In C++20, this is extremely straightforward: you can add a requires to your copy constructor:

template <typename T>
class C {
public:
    C(const C& rhs) requires some_requirement_on<T>
    {
        ...
    }
};

The below solution actually isn't great, because it reports the type as being copyable for all traits - even if it actually isn't.

---

If you want to conditionally disable your copy constructor, you definitely want it to participate in overload resolution - because you want it to be a loud compile error if you try to copy it.

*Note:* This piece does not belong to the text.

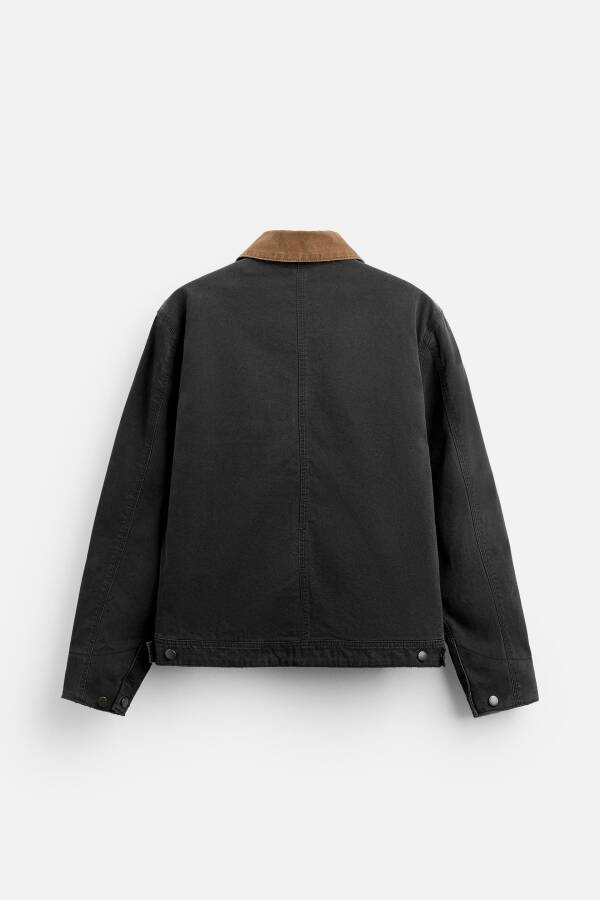 Black jacket with contrast collar - 23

And to do that, all you need is static_assert:

template <typename T>
class C {
public:
    C(const C& rhs) {
        static_assert(some_requirement_on<T>::value, 
            "copying not supported for T");
    }
};

This will allow copy construction only if some_requirement_on<T> is true, and if it's false, you can still use the rest of the class... just not copy construction. And if you do, you'll get a compile error pointing to this line.

Here's a simple example:

template <typename T>
struct Foo
{
    Foo() { }

    Foo(const Foo& ) {
        static_assert(std::is_integral<T>::value, "");
    }

    void print() {
        std::cout << "Hi" << std::endl;
    }
};

int main() {
    Foo<int> f;
    Foo<int> g(f); // OK, satisfies our condition
    g.print();     // prints Hi

    Foo<std::string> h;
    //Foo<std::string> j(h); // this line will not compile
    h.print(); // prints Hi
}

Answer 4

template <typename T>
class variant {
    struct moo {};
public:
  variant(const variant& ) = default;
  variant(std::conditional_t<!std::is_copy_constructible<T>::value,
                             const variant&, moo>,
          moo=moo());
  variant() {};
};

This makes a non-eligible template instance have two copy constructors, which makes it not copy constructible.

Answer 5

This is a bit of a trick, but it works.

template<bool b,class T>
struct block_if_helper{
  using type=T;
};
template<class T>
struct block_if_helper<true, T>{
  class type{
    type()=delete;
  };
};
template<bool b,classT>
using block_if=typename block_if_helper<b,T>::type;
template<bool b,classT>
using block_unless=typename block_if_helper<!b,T>::type;

now we create a method that is your copy ctor ... maybe.

template<class X>
struct example {
  enum { can_copy = std::is_same<X,int>{} };

  example( block_unless<can_copy, example>const& o ); // implement this as if `o` was an `example`
  // = default not allowed
  example( block_if<can_copy, example>const& )=delete;
};

and now the =default is the copy ctor if and only if can_copy, and the =delete of not. The stub type that it is otherwise cannot be created.

I find this technique useful for general method disabling on compilers that do not support the default template argument feature, or for methods (like virtual or special) that cannot be templates.

Answer 6

C::C(C const& rhs, std::enable_if<true, int>::type dummy = 0) is also a copy ctor because the second argument has a default value.